RocknRolla

As one has come to expect from a Guy Ritchie picture, RocknRolla has been suffused with tough-guy dialogue, larger-than-life performances, and a convoluted storyline that often borders on incoherent. Yet it’s hard to deny that the film is often very entertaining and consistently engaging, as Ritchie’s penchant for incredibly brisk pacing and gleefully over-the-top visuals essentially propels the proceedings from start to finish. This is despite a storyline, which revolves around a missing painting and the seedy underworld types affected by its disappearance (including Gerard Butler’s One Two, Tom Wilkinson’s Lenny, and Tom Hardy’s Handsome Bob), that often seems just a little too frenetic for its own good, with the myriad of characters and plot threads essentially demanding one’s full and complete attention for the duration of the film’s admittedly overlong running time.
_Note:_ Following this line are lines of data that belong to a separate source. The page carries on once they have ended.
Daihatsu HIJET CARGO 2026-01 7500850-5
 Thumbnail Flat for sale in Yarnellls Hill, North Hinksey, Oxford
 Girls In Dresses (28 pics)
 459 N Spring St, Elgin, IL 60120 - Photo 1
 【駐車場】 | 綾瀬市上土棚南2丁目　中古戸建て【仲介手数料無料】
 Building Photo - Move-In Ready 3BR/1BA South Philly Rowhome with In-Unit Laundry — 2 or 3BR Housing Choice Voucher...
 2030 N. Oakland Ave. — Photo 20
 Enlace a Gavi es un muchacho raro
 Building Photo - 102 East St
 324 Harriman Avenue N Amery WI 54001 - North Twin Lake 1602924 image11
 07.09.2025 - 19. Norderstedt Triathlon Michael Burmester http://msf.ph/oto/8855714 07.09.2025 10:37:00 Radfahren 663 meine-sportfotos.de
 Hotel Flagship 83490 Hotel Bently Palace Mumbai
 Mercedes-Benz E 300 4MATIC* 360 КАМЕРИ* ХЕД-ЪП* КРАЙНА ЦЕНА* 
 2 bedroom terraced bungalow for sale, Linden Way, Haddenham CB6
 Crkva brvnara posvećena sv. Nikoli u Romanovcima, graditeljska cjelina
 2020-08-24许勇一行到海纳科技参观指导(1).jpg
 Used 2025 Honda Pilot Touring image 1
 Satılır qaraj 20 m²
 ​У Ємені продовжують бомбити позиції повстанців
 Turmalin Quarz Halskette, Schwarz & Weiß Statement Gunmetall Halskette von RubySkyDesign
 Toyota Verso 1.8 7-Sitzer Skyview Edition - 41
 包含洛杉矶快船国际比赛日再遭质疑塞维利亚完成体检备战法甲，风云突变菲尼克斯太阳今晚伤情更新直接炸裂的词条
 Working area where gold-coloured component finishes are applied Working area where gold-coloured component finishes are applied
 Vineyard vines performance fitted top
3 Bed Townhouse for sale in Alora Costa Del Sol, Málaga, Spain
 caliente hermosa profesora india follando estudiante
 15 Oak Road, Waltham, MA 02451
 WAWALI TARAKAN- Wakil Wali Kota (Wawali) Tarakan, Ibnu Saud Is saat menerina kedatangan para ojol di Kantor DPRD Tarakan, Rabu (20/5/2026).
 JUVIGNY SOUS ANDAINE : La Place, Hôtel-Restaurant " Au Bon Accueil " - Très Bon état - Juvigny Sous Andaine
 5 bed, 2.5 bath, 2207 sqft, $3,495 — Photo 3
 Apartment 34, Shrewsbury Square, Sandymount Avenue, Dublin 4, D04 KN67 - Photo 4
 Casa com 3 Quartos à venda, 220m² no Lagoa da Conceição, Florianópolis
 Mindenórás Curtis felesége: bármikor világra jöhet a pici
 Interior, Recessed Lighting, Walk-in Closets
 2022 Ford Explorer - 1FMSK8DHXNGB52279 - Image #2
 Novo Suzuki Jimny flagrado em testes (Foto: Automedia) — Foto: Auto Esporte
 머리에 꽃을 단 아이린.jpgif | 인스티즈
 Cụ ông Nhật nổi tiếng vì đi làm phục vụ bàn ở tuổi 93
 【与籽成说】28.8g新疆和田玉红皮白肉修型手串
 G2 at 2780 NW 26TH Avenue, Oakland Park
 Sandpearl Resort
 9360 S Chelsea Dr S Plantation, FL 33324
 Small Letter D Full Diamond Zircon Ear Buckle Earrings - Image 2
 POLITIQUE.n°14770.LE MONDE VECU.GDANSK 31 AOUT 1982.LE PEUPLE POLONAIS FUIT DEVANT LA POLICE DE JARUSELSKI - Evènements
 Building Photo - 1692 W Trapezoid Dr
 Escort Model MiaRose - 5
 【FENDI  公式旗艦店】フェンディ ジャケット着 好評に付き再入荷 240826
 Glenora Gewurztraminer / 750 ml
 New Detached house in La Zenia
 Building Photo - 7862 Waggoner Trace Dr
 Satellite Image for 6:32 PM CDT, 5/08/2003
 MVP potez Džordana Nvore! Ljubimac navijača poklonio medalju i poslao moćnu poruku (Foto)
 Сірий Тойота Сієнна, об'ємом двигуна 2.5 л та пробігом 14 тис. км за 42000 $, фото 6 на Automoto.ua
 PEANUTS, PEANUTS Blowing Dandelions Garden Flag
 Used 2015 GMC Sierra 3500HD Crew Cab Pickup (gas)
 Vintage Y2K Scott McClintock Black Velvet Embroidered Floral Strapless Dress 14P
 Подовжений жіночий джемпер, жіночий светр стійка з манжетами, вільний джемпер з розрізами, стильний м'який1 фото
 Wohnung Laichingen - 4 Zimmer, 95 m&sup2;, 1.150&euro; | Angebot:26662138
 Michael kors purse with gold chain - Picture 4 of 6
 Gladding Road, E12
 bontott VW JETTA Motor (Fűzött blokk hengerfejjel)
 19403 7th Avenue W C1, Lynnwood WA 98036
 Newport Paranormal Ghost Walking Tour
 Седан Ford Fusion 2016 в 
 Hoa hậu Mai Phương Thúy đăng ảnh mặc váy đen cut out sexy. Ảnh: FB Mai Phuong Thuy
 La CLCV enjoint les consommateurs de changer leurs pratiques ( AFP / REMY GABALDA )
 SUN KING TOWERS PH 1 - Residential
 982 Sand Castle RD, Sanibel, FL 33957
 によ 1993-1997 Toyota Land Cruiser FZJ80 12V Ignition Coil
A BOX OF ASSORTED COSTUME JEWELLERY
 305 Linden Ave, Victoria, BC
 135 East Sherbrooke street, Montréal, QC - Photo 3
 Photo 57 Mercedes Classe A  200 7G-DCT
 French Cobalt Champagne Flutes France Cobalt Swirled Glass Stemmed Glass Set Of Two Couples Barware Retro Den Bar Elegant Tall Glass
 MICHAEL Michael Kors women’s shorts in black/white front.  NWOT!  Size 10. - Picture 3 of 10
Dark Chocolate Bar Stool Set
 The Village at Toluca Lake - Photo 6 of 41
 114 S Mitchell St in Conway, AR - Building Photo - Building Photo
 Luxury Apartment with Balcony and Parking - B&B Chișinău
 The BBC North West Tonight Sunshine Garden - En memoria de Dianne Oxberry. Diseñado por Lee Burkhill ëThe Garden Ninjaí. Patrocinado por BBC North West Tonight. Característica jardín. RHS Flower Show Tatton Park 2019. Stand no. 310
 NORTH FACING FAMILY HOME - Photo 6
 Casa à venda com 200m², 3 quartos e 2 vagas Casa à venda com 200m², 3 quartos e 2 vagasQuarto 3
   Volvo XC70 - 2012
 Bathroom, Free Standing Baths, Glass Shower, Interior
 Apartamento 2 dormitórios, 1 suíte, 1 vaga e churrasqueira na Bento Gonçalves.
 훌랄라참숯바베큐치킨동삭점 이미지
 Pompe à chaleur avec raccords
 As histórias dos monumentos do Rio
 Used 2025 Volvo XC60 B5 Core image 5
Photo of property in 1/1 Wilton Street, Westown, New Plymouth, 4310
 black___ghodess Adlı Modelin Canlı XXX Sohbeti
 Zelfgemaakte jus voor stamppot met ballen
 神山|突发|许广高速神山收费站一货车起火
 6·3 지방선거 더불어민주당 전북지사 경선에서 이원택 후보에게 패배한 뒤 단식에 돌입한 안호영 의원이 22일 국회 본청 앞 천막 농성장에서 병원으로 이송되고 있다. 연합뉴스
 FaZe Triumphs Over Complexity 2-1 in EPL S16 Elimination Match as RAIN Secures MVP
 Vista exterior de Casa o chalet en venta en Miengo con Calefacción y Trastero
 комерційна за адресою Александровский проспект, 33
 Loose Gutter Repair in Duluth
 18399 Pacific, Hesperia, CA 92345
And while Ritchie does keep the violence quotient fairly low, there’s little doubt that the movie’s few action-oriented sequences are nothing short of astounding in their effectiveness (eg a scene in which One Two and his cronies must escape a pair of unusually tenacious Russian mobsters). It’s consequently easy enough to overlook the fact that RocknRolla does start to run out of steam towards the end, and one ultimately can’t help but hope that Ritchie delivers the sequel promised in the film’s closing moments.